--- Material for the task ---
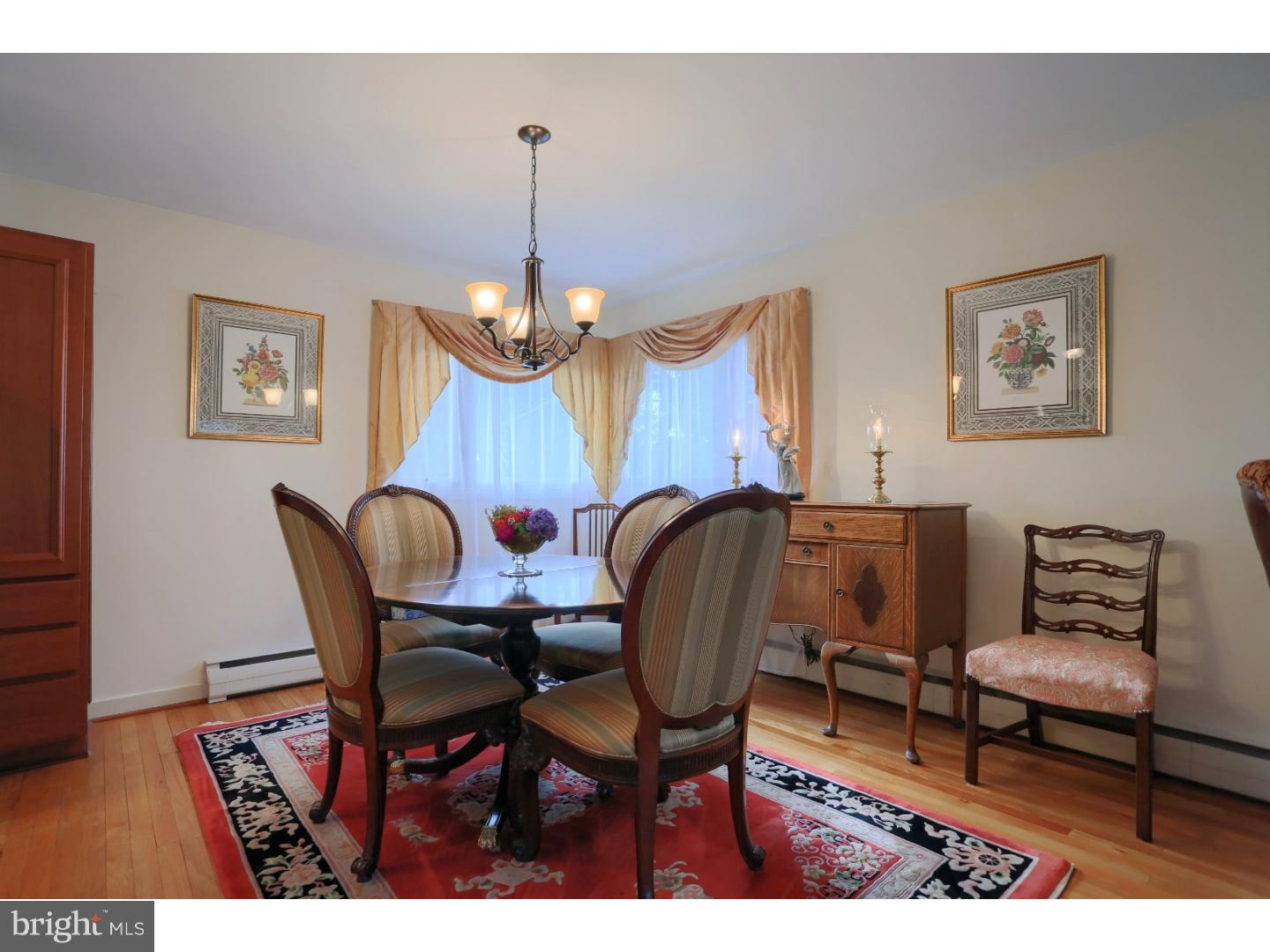 138 Elizabeth Drive Sinking Spring, PA 19608 - Photo 5 of 25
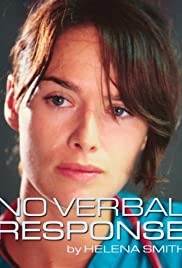 No Verbal Response (2003) cover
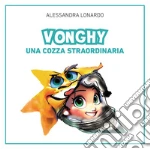 Lonardo Alessandra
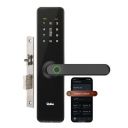 Qubo SDL p2 (Essential Black)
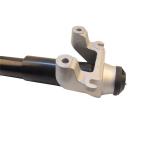 Auto Air Suspension Shock Absorber For XC90 V90 XC60 Rear Airmatic Left 31658382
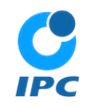 IPC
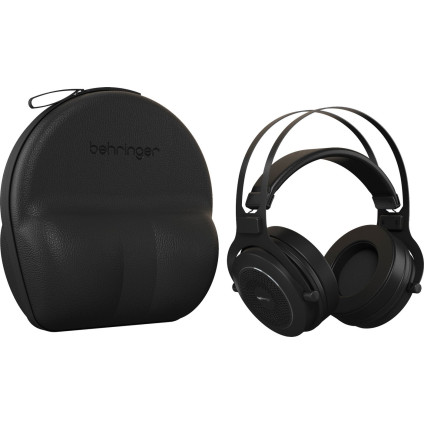 Наушники Behringer OMEGA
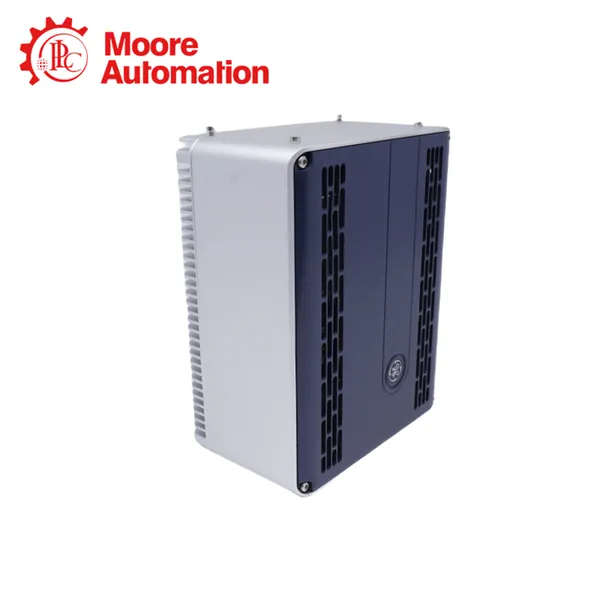 GE 0552N1QLG132A-01 853-172404-101 photo-3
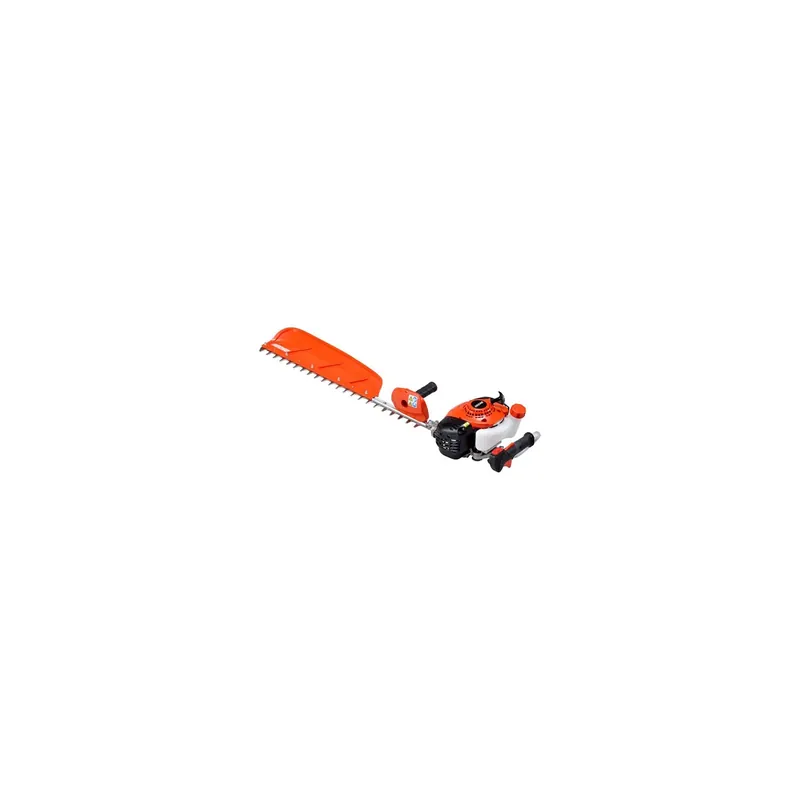 Populaire Echo HCS3210ES – Taille-haies thermique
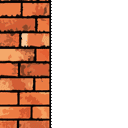Peepo_WallPeek animated emote | No-Sell Jobbers🤼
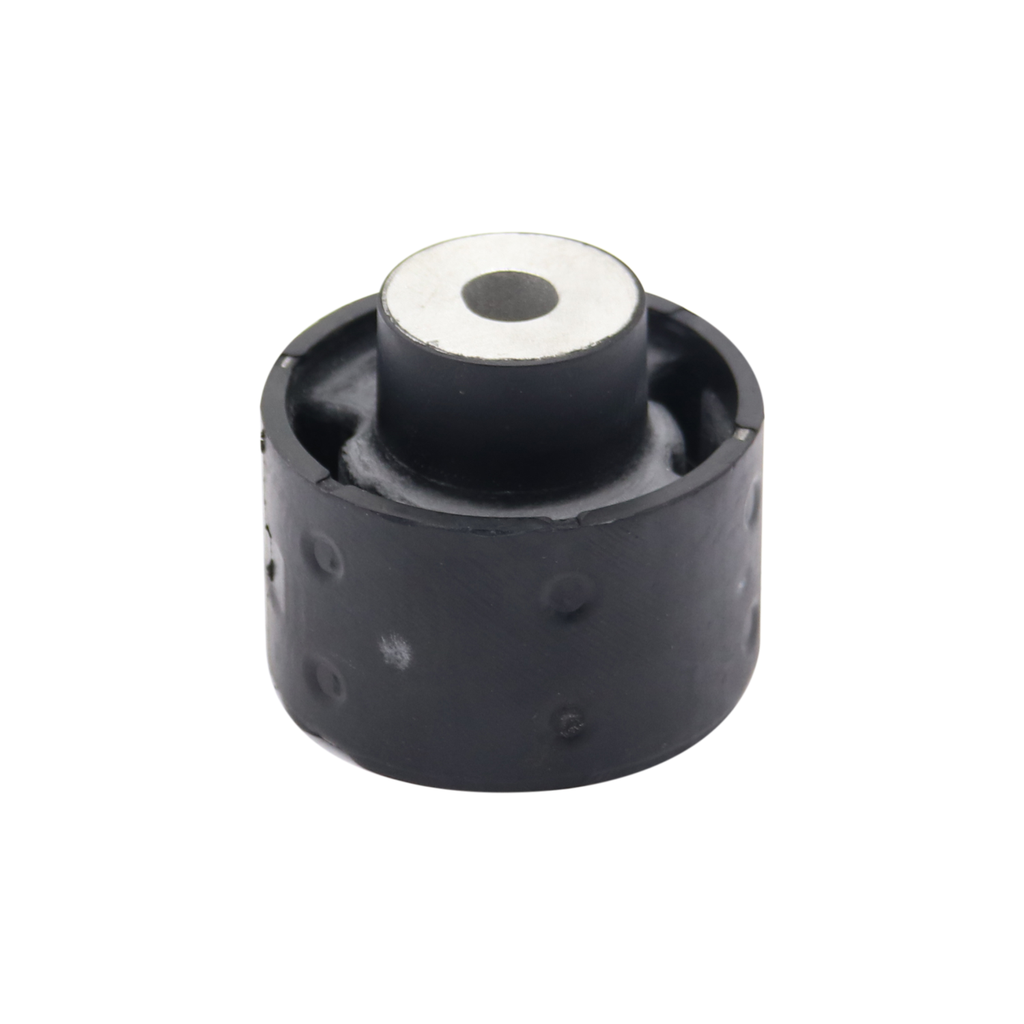 Buje de Subchasis GSP 517816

--- Work item ---
Please reproduce the entries above exactly, omitting every picture.

--- Answer below ---
 138 Elizabeth Drive Sinking Spring, PA 19608 - Photo 5 of 25
 No Verbal Response (2003) cover
 Lonardo Alessandra
 Qubo SDL p2 (Essential Black)
 Auto Air Suspension Shock Absorber For XC90 V90 XC60 Rear Airmatic Left 31658382
 IPC
 Наушники Behringer OMEGA
 GE 0552N1QLG132A-01 853-172404-101 photo-3
 Populaire Echo HCS3210ES – Taille-haies thermique
Peepo_WallPeek animated emote | No-Sell Jobbers🤼
 Buje de Subchasis GSP 517816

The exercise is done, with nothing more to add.